Print out all of the records exactly; no picture belongs in the result.

☆ ☆ ☆ ☆ ☆ ☆ ☆

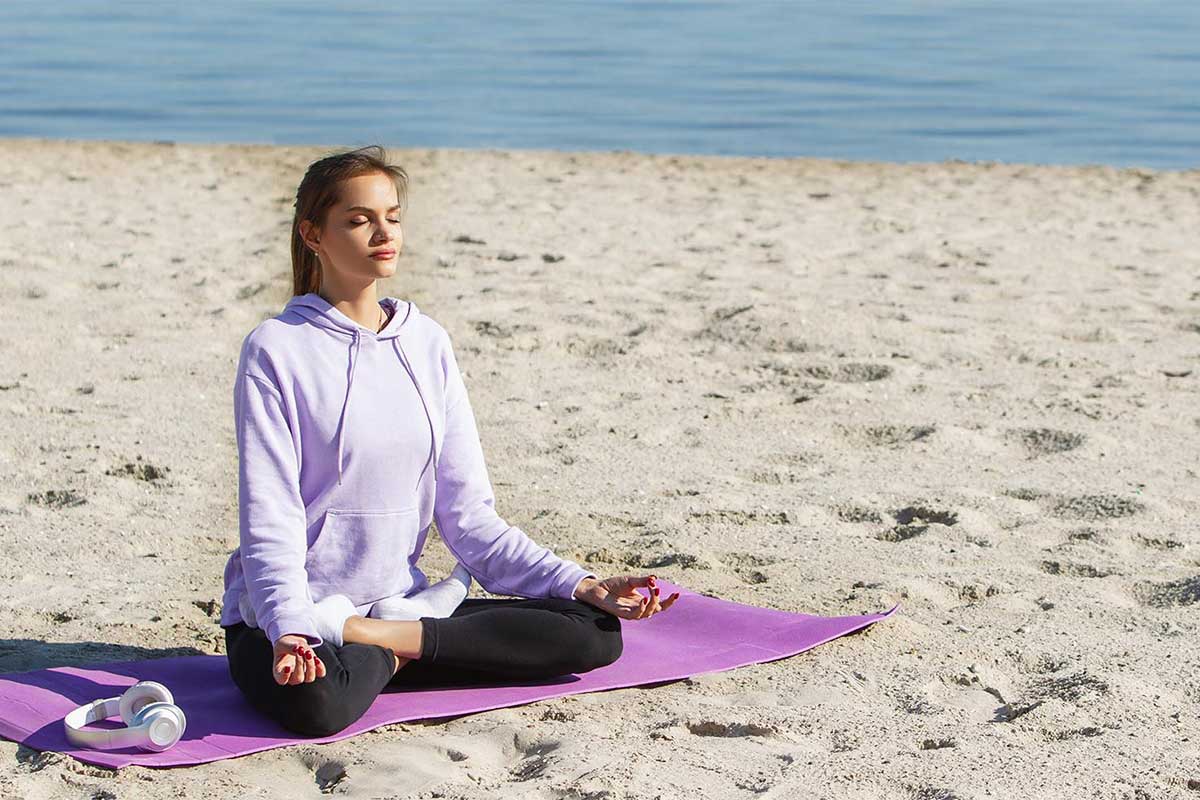 Eine Frau meditiert auf einer Matte vor dem Meer beim Yoga am Strand des Grand Hotel Binz auf Rügen.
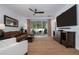 Cozy living room with a leather sofa, a wooden ceiling fan, and access to the screened patio at 9033 Cape Cod Rd, Deland, FL 32724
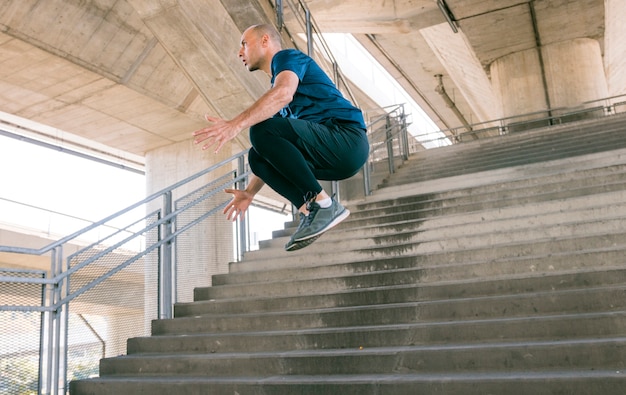 Photo gratuite vue latérale, de, actif, jeune, athlète masculin, sauter par-dessus, escalier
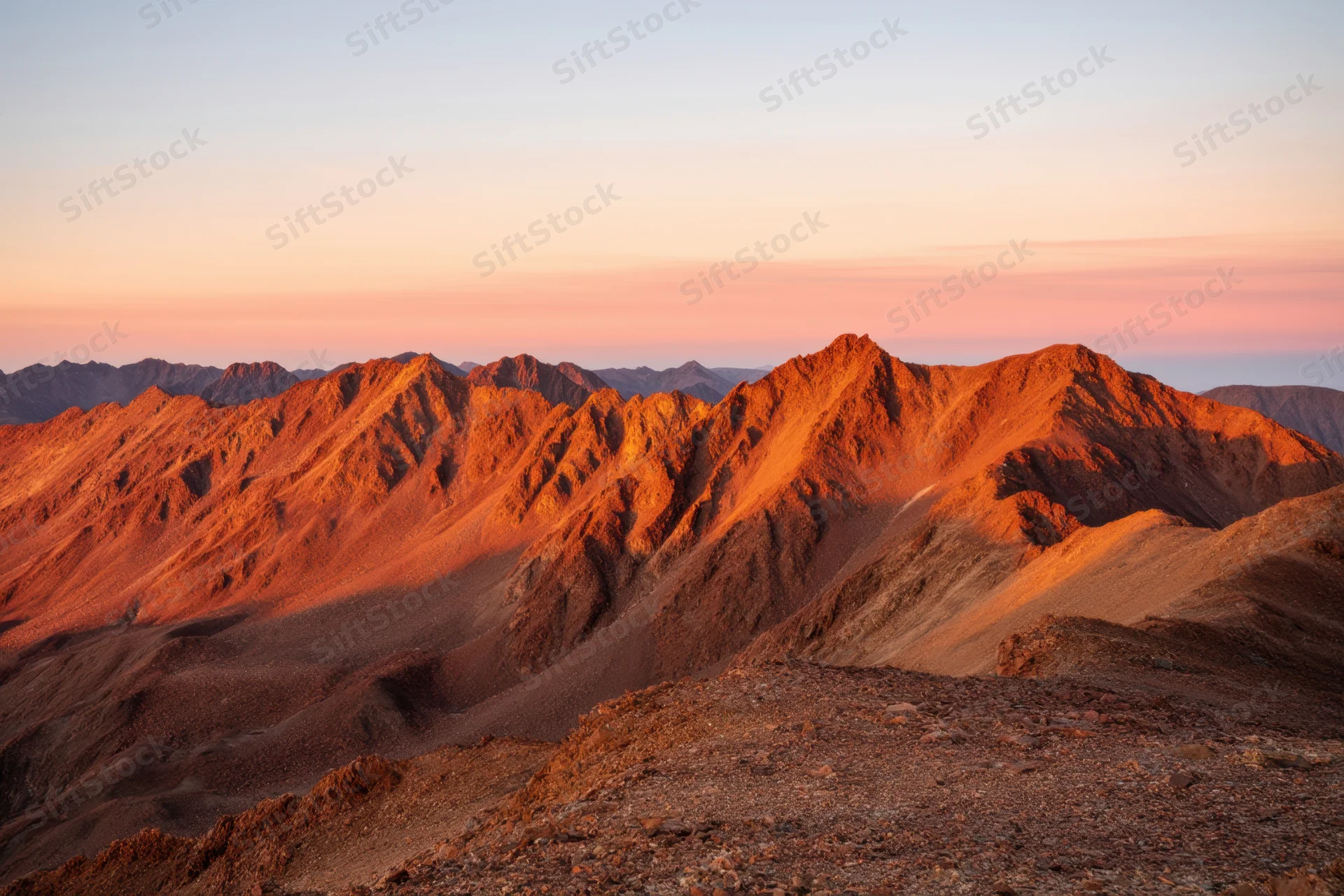 Rugged mountain range under golden hour light at sunset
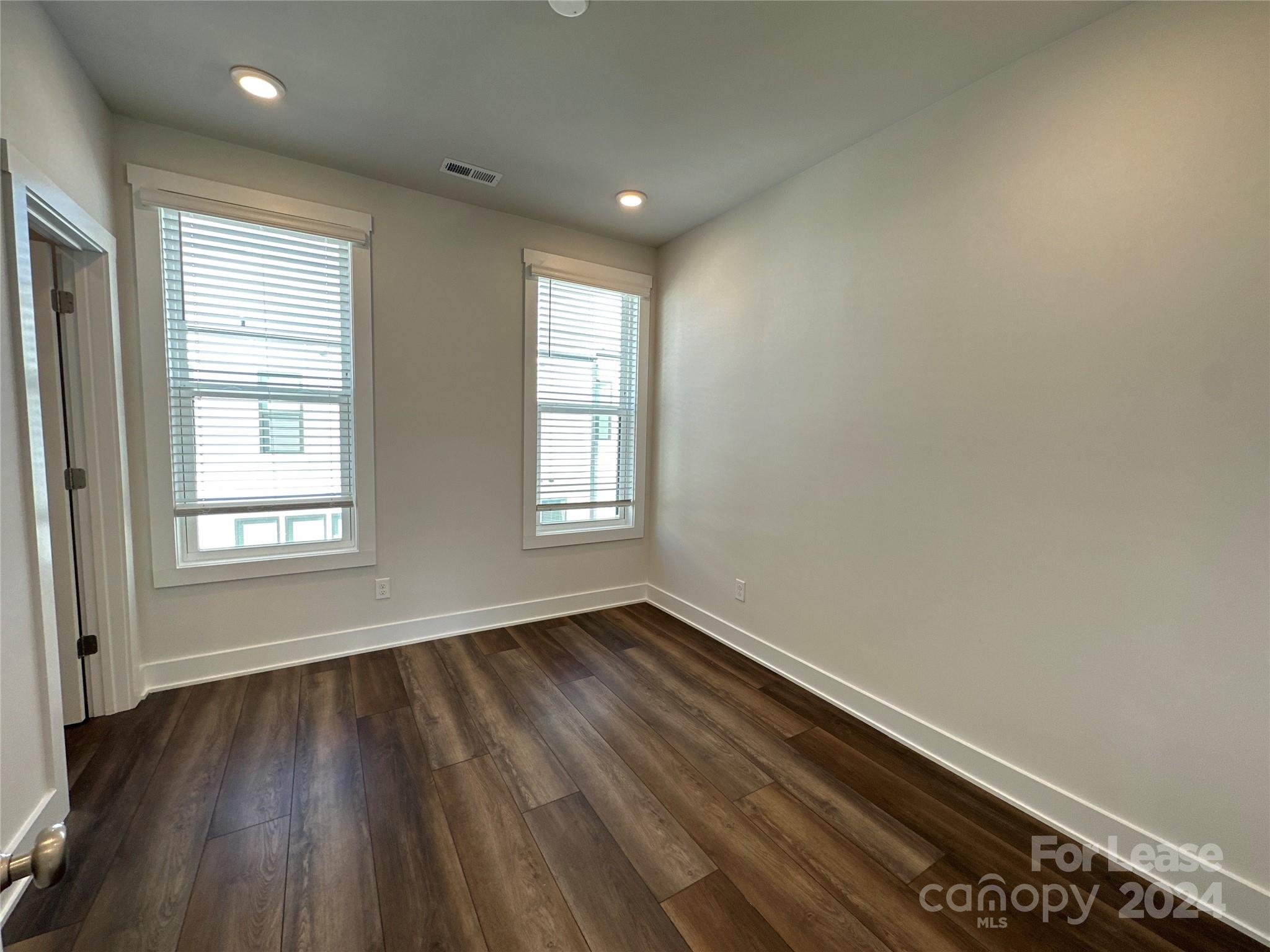 2124 Terwilliger Trail Charlotte, NC 28203 - Photo 29 of 36 an empty room with wooden floor and windows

☆ ☆ ☆ ☆ ☆ ☆ ☆

[Exercise answer]
 Eine Frau meditiert auf einer Matte vor dem Meer beim Yoga am Strand des Grand Hotel Binz auf Rügen.
 Cozy living room with a leather sofa, a wooden ceiling fan, and access to the screened patio at 9033 Cape Cod Rd, Deland, FL 32724
 Photo gratuite vue latérale, de, actif, jeune, athlète masculin, sauter par-dessus, escalier
 Rugged mountain range under golden hour light at sunset
 2124 Terwilliger Trail Charlotte, NC 28203 - Photo 29 of 36 an empty room with wooden floor and windows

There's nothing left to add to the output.